Уверенность Толстого в возможность применить заветы Христа во всех сферах жизни, ко всем явлениям современности объясняет его активную позицию, выраженную им в названии его статьи «Не могу молчать». Такое отношение к роли писателя в обществе, несомненно, импонирует Пелевину, в чьих произведениях всегда содержится живой отклик на происходящие события. В романе «t» он виртуозно в одном предложении объединяет политический призыв и описание духовных практик, «умное делание» исихастов, «недеяние» Лао-цзы и «неделание» из одноименной статьи Толстого 1893 года: «Умное неделание беззаботно. Если описать его на символическом языке момента, оно таково – Ваше Величество, вспомните, что вы император, и распустите думу!» . В статье «Неделание» Толстой призывает к осмысленной, духовной жизни, к отказу от суеты, но при этом не зовет в келью. Однако остановка в Оптиной Пустыни в его последнем путешествии выражала, кроме всего прочего, желание уединиться, его усталость от публичности и, видимо, его сомнения в том, насколько та роль в обществе, которую он выбрал, соответствует его принципам. Недаром толпы журналистов, окружавших Толстого после его бегства из Ясной Поляны, придавали происходившему ощущение абсурда. 
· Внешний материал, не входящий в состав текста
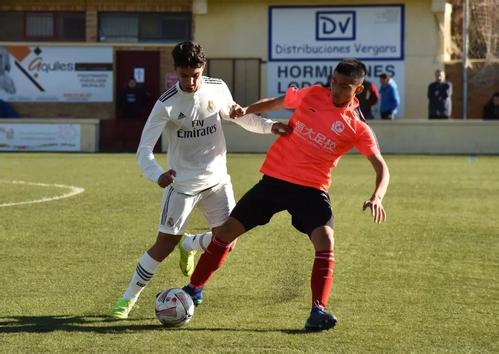 西班牙青训vs意大利青训,恒大青训和鲁能青训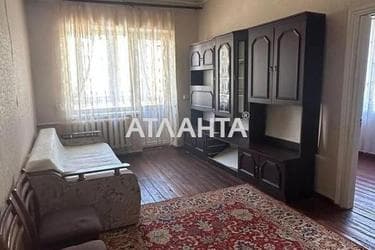 2-кімнатна квартира за адресою вул. Пирогова (площа 43 м²) - Atlanta.ua - фото 11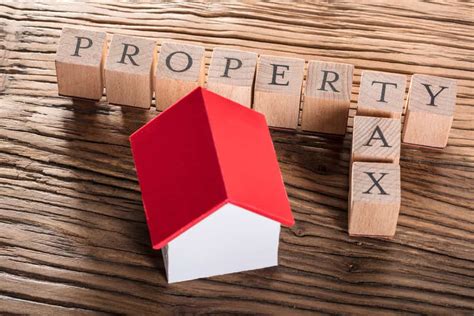 Maricopa County Property Taxes 🎯 2023 Ultimate Guide And What You Need To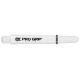 Target Shaft Pro Grip Spin White Replacement Part
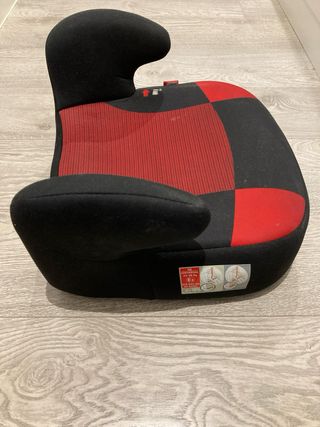 Alzador sin lujos, sin GPS, sin postureo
Во время той остановки в Оптиной Пустыни, в гостинице, Толстой составил список необходимых ему вещей, в котором значилась ногтевая щеточка… В последних романах Пелевина звучат пессимистические нотки, связанные с осознанием того, что для самих певцов пустоты и простоты они являются едва уловимым состоянием, и титул графа Т., который перевешивает имя, это еще раз подчеркивает. В романе «Бэтман Аполло» (2013) эти темы сливаются в ироничном до сарказма описании опытов по обретению пустоты-простоты, проведенных на добровольцах, простых сибирских мужиках. Тем не менее, для Пелевина путь, кажется, важнее цели и отличия в направлении не так существенны, как сама встреча в пути. А в точках встречи писателей появляются пронзительные нотки, прорывающиеся сквозь буддийских холодок, присущий манере классика-современника. Пелевин набрасывается на штампы, связанные с восприятием Толстого, смело расправляясь с классиком на пьедестале, и одновременно актуализирует интерес к нему, преобразив его в дерзкого и парадоксального современного героя.